- Born: 1835 Württemberg
- Died: September 26, 1893 (aged 57–58)
- Buried: Bath, New York
- Allegiance: United States
- Branch: United States Army
- Service years: 1862 - 1865
- Rank: Corporal
- Unit: Company E, 158th New York Volunteer Infantry Regiment
- Conflicts: Battle of Chaffin's Farm American Civil War
- Awards: Medal of Honor

= George M. Grueb =

U.S. Medal of Honor recipient

George Grueb (1835 - September 26, 1893) was an American soldier who fought in the American Civil War. Grueb received his country's highest award for bravery during combat, the Medal of Honor. Grueb's medal was won for his capturing a flag at the Battle of Chaffin's Farm in Virginia on September 29, 1864. He was honored with the award on April 6, 1865.

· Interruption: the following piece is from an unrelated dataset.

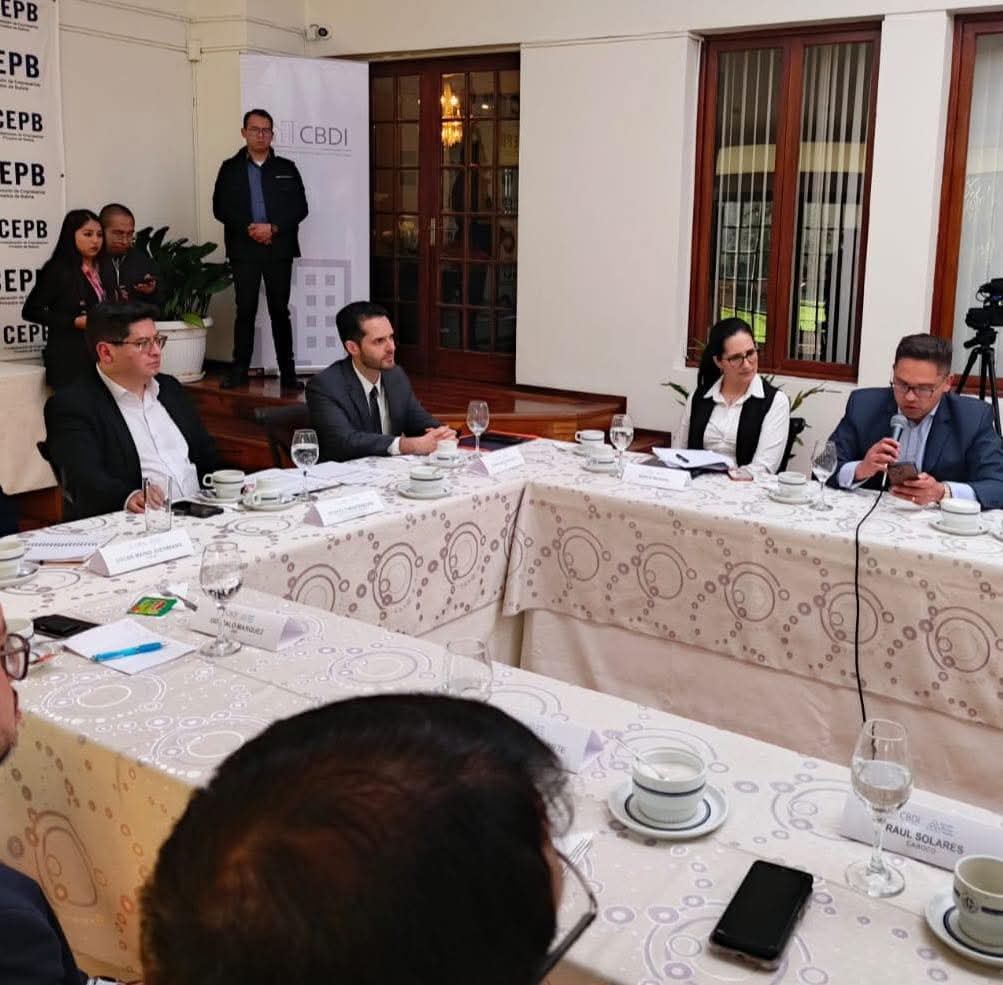 🟠#Aygün | INDUSTRIALES APOSTAN POR VIVIENDA INCLUSIVA

En el #WorkshopCBDI, líderes de la <a href="/CNIBolivia/">CNI BOLIVIA</a> y CADINPAZ destacaron la necesidad de abordar el déficit habitacional desde una mirada integral y sostenible.

"Impulsamos vivienda con impacto económico positivo para Bolivia".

Grueb was born in Württemberg, Germany. He joined the Army from Brooklyn in August 1862, and mustered out with his regiment in June 1865. He was buried in Bath, New York.

==Medal of Honor citation==

The President of the United States of America, in the name of Congress, takes pleasure in presenting the Medal of Honor to Private George M. Grueb, United States Army, for extraordinary heroism on 29 September 1864, while serving with Company E, 158th New York Infantry, in action at Chapin's Farm, Virginia, for gallantry in advancing to the ditch of the enemy's works.